Justiça
DESPEDIDA EM ALTO ESTILO
REVISTA ISTO É N° Edição: 2234 | 31.Ago.12 - 21:00 | Atualizado em 02.Set.12 - 12:41 Em seu último voto no STF, Cezar Peluso condena cinco réus, mostra as provas da corrupção, revela ao País como funcionou o esquema do mensalão e influencia os demais ministros Izabelle Torres NA ACADEMIA
Peluso se exercita em uma academia de Brasília:
“Nenhum juiz condena por ódio”
No voto que o ministro Cezar Peluso não leu, ele criticaria a insistência petista na tese do crime de caixa 2 de campanha eleitoral e teria várias considerações sobre a atuação de José Dirceu. Mas seu veredito não será conhecido. A partir da segunda-feira 3, a cadeira de Peluso no plenário do Supremo Tribunal Federal (STF) estará vazia. Aos 70 anos, a aposentadoria compulsória chegou antes que ele concluísse uma das mais importantes decisões de sua carreira. Dono de um conhecimento técnico que o tornou referência no STF, Peluso se preparou para julgar cada um dos 38 réus do mensalão. Mas resolveu, num estrito respeito às normas da corte, não antecipar seu voto sobre os réus que não foram citados pelo relator Joaquim Barbosa. Peluso referiu-se apenas à primeira parte do processo. Mas, ao decidir sobre os contratos de publicidade da Câmara dos Deputados e do Banco do Brasil com as empresas de Marcos Valério, o ministro deu uma amostra da linha-dura que pretendia adotar ao longo do julgamento – motivo de temor entre os defensores dos réus do mensalão.

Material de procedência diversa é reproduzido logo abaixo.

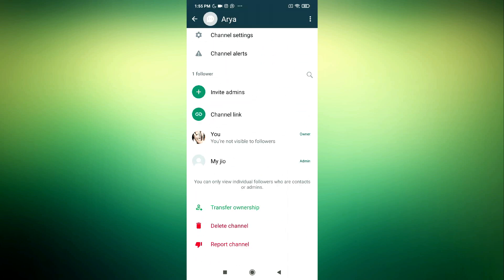So if you are the owner of the channel, you will first have to transfer the ownership to another person. So as you can see, I'm the owner so there's no option to remove myself from the admin.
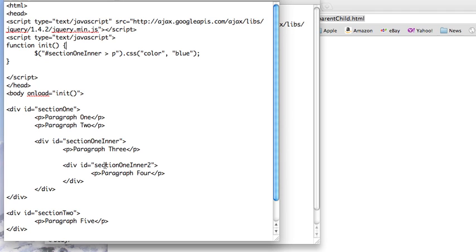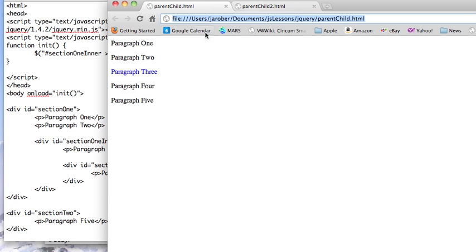So we notice that here we have this section1inner, paragraph 3, and there's another div nested inside. So when we went ahead and opened that, notice that paragraph 3 turns blue, but 4 doesn't.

Cezar Peluso condenou cinco pessoas em sua despedida. Além disso, antecipou a dose das penas e decidiu pela condenação em regime fechado para os acusados, entre eles o deputado federal João Paulo Cunha (PT-SP), forçado a abandonar seu antigo projeto político de se eleger prefeito de Osasco. Peluso determinou a cassação do mandato do parlamentar, multa, e seis anos de reclusão. Além de Cunha, também já foram condenados Marcos Valério, seus sócios Cristiano Paz e Ramon Hollerbach, e o ex-diretor de marketing do BB Henrique Pizzolato. Para esse último, Peluso quer 12 anos de cadeia pela participação no desvio de dinheiro do banco estatal com o objetivo de abastecer o esquema.
FIM DA LINHA
O julgamento do mensalão obrigou o ex-deputado João Paulo Cunha a
desistir de sua candidatura à Prefeitura de Osasco, na Grande São Paulo
“Nenhum juiz condena por ódio”, disse Peluso na exuberante apresentação de seu voto. Clara, ordenada, simples, lógica e contundente, a fala de Peluso revelou a experiência do magistrado que chegou ao STF depois de uma longa trajetória. Nem advogado nem promotor. Peluso foi juiz por 44 anos, desde que assumiu como juiz-substituto a comarca de Itapetininga da Serrra, no interior paulista, em 9 de junho de 1968. E seu último voto foi o voto de um legítimo juiz, mais interessado em esclarecer do que em revelar erudição jurídica ou percepções políticas. Com o voto de Peluso, os brasileiros puderam acompanhar pela televisão uma eficiente aula sobre como ocorreu, detalhe por detalhe, a corrupção que o ministro, ao final, condenaria. Mesmo para os demais ministros do STF, o voto de Peluso deverá ter influência sobre as futuras decisões do caso: ele foi brilhante na demonstração de que não faltam provas e sobram indícios aos crime cometidos no mensalão.
Durante seus 11 anos como ministro do Supremo, Peluso colecionou votos contra políticos acusados de corrupção. Foi duro quando encontrou casos como o do deputado federal Pedro Henry (PP-MT) que havia contratado um piloto de avião com verba da Câmara. “Se não prosseguirmos nas diligências do inquérito, diremos que nunca será crime o peculato por contratar assessores fantasmas”, disse Peluso em resposta ao ministro Dias Toffoli que tinha mandado arquivar o processo. Mas, apesar do currículo extenso de decisões em defesa dos recursos públicos, Peluso não entrará para a história como um caçador de políticos. Foi dele o voto que permitiu ao senador Jader Barbalho (PMDB-PA) assumir o cargo, depois de haver sido barrado pela Justiça estadual em função de seus antecedentes criminais. O ministro resistiu à Lei da Ficha Limpa e chegou a afirmar que a norma, resultado de mobilização popular, é um retrocesso. Nesse sentido, sua despedida em grande estilo foi um sonoro contraponto.